*Requirement*. Within the material below, locate the line with "波哥大Cómoda y muy bien ubicada的一张白色的大床,上面有蓝色的毛巾" and the line with "Close-up of the", then return those two lines and all lines between them, exactly as written.

*Exercise input*.
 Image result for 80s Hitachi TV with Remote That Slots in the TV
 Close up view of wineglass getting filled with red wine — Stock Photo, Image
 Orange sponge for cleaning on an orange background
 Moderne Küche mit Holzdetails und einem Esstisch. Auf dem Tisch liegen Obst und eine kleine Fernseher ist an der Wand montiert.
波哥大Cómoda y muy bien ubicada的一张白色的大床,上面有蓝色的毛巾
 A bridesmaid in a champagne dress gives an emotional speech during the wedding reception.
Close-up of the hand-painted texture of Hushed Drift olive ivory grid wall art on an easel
--
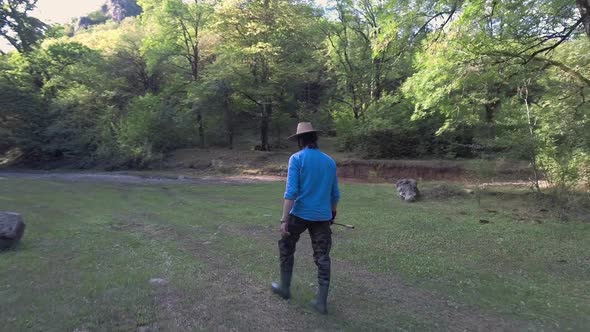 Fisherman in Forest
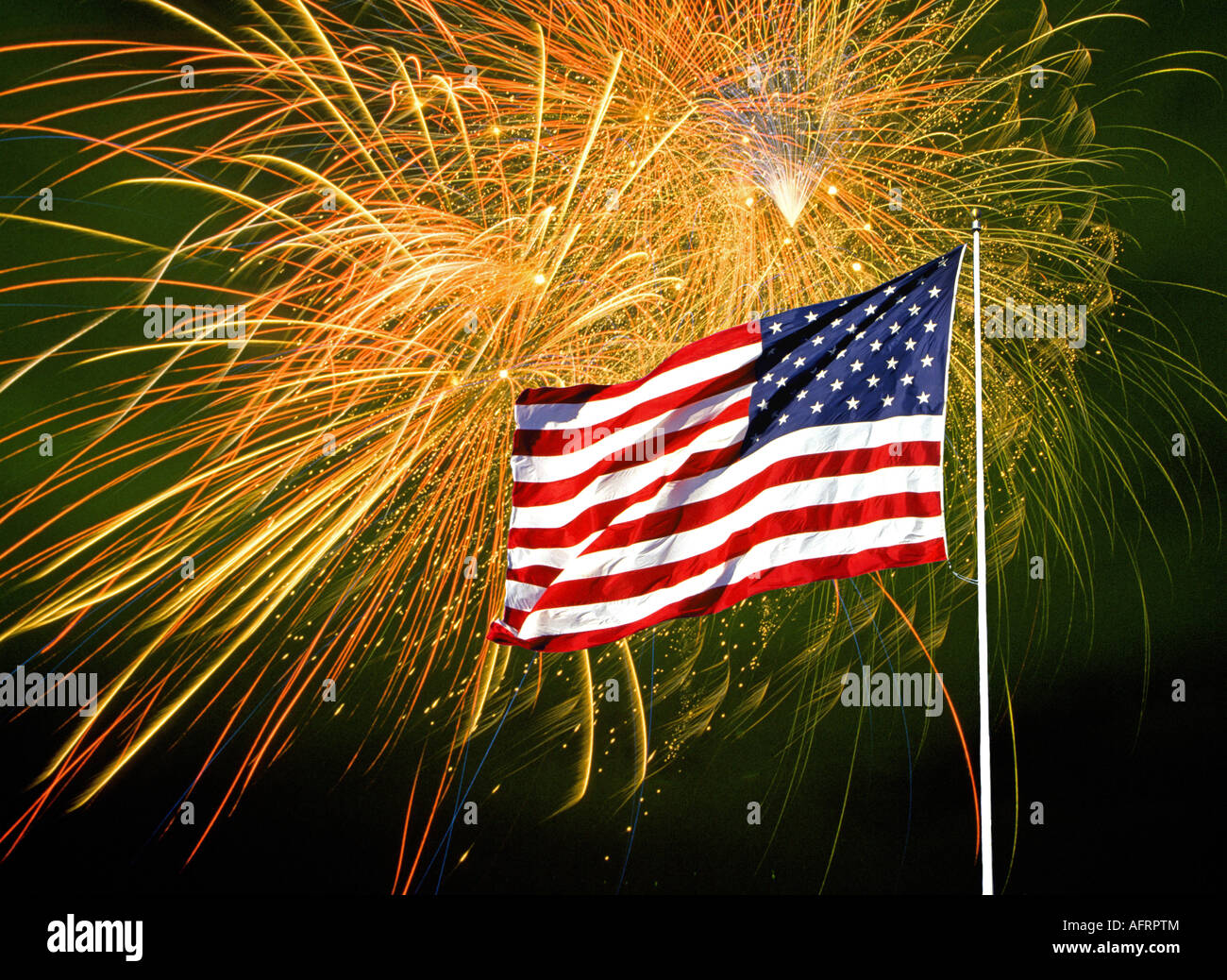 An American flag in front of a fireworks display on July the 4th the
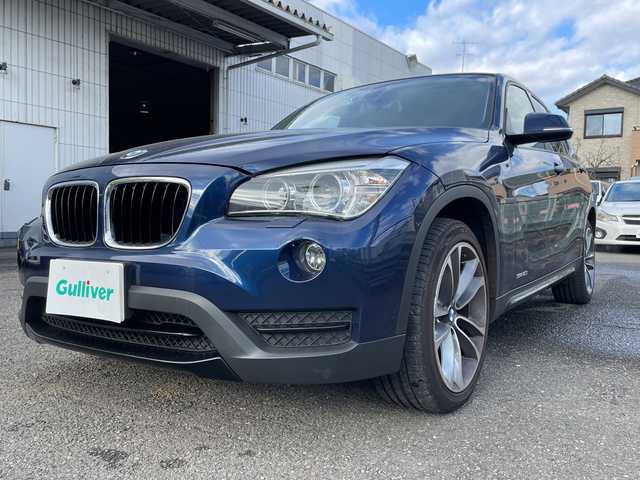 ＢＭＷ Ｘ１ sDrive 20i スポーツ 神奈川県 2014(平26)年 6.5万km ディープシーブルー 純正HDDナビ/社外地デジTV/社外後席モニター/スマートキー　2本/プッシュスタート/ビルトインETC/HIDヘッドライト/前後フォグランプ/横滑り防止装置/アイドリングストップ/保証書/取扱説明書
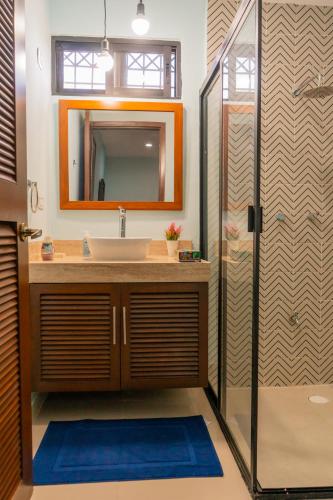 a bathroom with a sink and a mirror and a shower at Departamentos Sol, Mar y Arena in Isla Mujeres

*Written solution*.
波哥大Cómoda y muy bien ubicada的一张白色的大床,上面有蓝色的毛巾
 A bridesmaid in a champagne dress gives an emotional speech during the wedding reception.
Close-up of the hand-painted texture of Hushed Drift olive ivory grid wall art on an easel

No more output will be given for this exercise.